The craft of the film is unbelievable. Even watching the horrible print I was watching, where images were blurred and fuzzed together with age (if only this film hadn't been attacked by the Carpenter family and we could get a nice shiny Criterion print - I'd bust open the savings account for that one, even), it's impossible to deny the amount of thought put into each image in each montage. The supermarket clips, with voice-over detailing the wealth of food now available post-WWII, combined with the placards detailing the dark details of anorexia, is a perfect juxtaposition (even though I had to pause to read some of the cards, thanks to quality issues). It even raises questions of its own - with all this food available, it insidiously suggests, is it any wonder that a woman would grow to pathologically fear what food will do to her physique? The ending is also a well-done masterstroke - the vague image of being spanked comes to the forefront of an emotionally shattered Karen, not to mention the horrifying yet pathetic sight of Karen eating mashed potatoes before traveling to a live-action sequence where SPOILER you realize that anorexia - the huge enemy of the entire film -wasn't the only pathological demon, and that Karen is also swigging Ipecac, and is also bulimic. SPOILER END The ending is incredibly powerful, even if you know Karen's full story, because of how it weaves together some of the disparate images Haynes has bombarded the audience with, finally giving them a psychological context.

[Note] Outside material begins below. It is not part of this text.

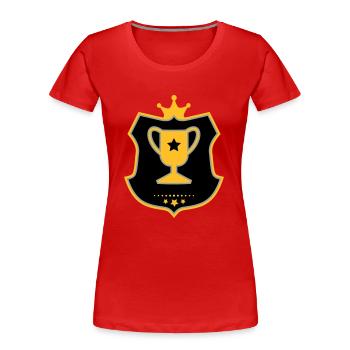 Pokal - Frauen Premium Bio T-Shirt - Rot - Vorne - Mia (176cm)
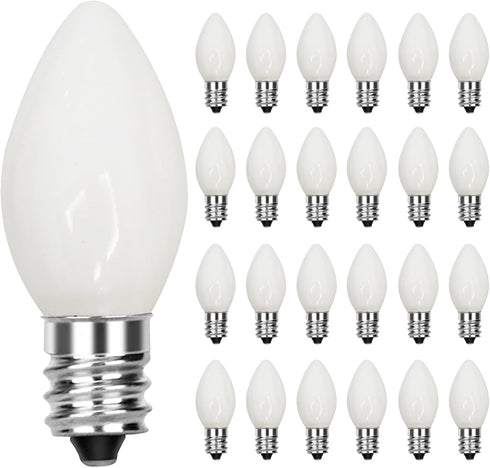 SUNSGNE C7 LED White Replacement Christmas Light Bulbs, 0.6W LED E12 Candelabra Base Bulbs - Great for Salt Lamp, Night Lights, Decorative Lights,...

When the film was made, the slightly out-of-focused images were intentional on the part of Haynes, and I think that, going back to the comments on nostalgia, it's intended to lure us into a false sense of dreaminess. The surreal is often at play in The Karen Carpenter Story, and treating Karen's life as a dreamy segue from her public persona as an angel of music is oddly appropriate, for a film that is simultaneously satirizing and condemning 

The only problem I have with the movie is the fact that Richard is fairly two-dimensional. The overall force of "the family" works well as an antagonist, because each member embodies a different type of control - Richard is an egomaniac, Karen's mother is smothering in the extreme, and Karen's father is simply dismissive of her interests. Karen's sickness works in tandem with these pressures. But separated from each other, they become exponentially weaker adversaries for her. The scene where Richard and Karen yell at each other doesn't work quite as well as other disagreement scenes because of the separations from the other antagonistic functions.

My parents raised me on the Carpenters' music, and I've actually been employed, through my school's work program, at the performing arts center that bears Karen's name on my college campus. I guess that makes her story more powerful to me, no matter how it's presented. Before the monitor in our lobby broke, I could sit in the lobby and watch Karen waste away before me, and wonder how such a beautiful, talented woman could ever think she wasn't good enough. This movie makes it a bit easier to understand.